» Records supplied
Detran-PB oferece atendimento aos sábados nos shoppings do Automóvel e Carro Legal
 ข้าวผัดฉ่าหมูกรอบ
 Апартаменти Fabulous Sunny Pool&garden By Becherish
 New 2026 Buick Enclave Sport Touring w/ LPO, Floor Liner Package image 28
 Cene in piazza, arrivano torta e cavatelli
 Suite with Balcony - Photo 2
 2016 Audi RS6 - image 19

* * *

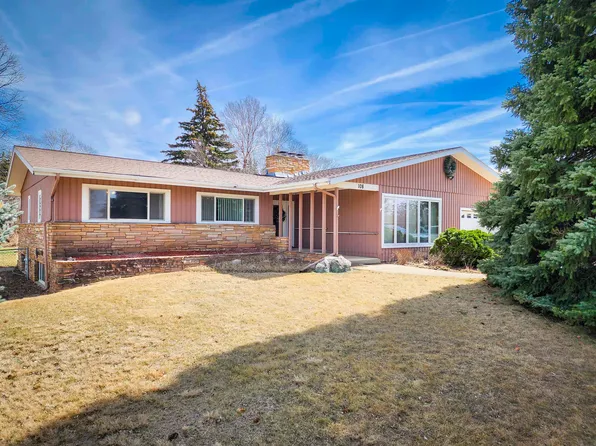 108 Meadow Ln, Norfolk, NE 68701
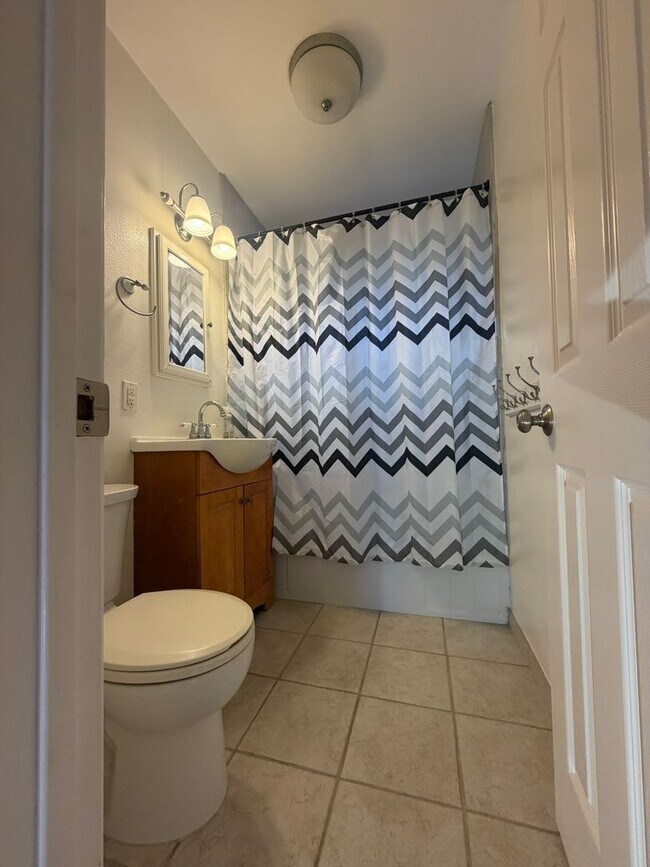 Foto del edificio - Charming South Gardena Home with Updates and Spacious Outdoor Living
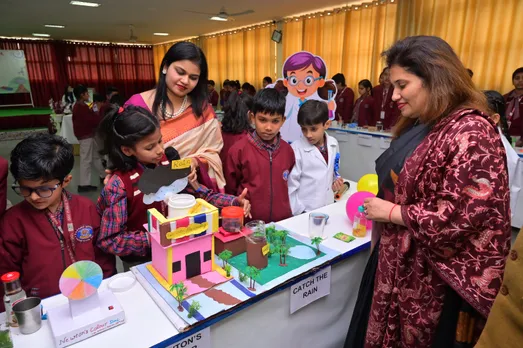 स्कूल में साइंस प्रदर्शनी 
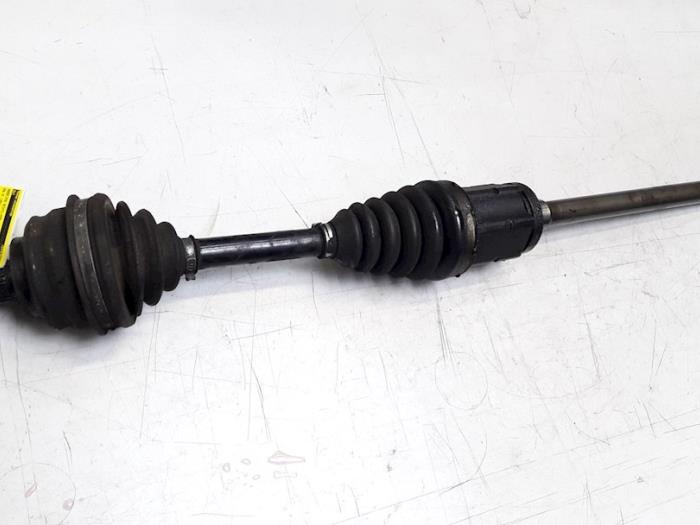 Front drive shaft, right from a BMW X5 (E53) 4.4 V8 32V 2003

» Brief
Retype the records above, but only those lines that fall between the line containing "Detran-PB oferece atendimento" and the line containing "2016 Audi RS6 - image 19", with both of those lines included, exactly as written.

» Answer area
Detran-PB oferece atendimento aos sábados nos shoppings do Automóvel e Carro Legal
 ข้าวผัดฉ่าหมูกรอบ
 Апартаменти Fabulous Sunny Pool&garden By Becherish
 New 2026 Buick Enclave Sport Touring w/ LPO, Floor Liner Package image 28
 Cene in piazza, arrivano torta e cavatelli
 Suite with Balcony - Photo 2
 2016 Audi RS6 - image 19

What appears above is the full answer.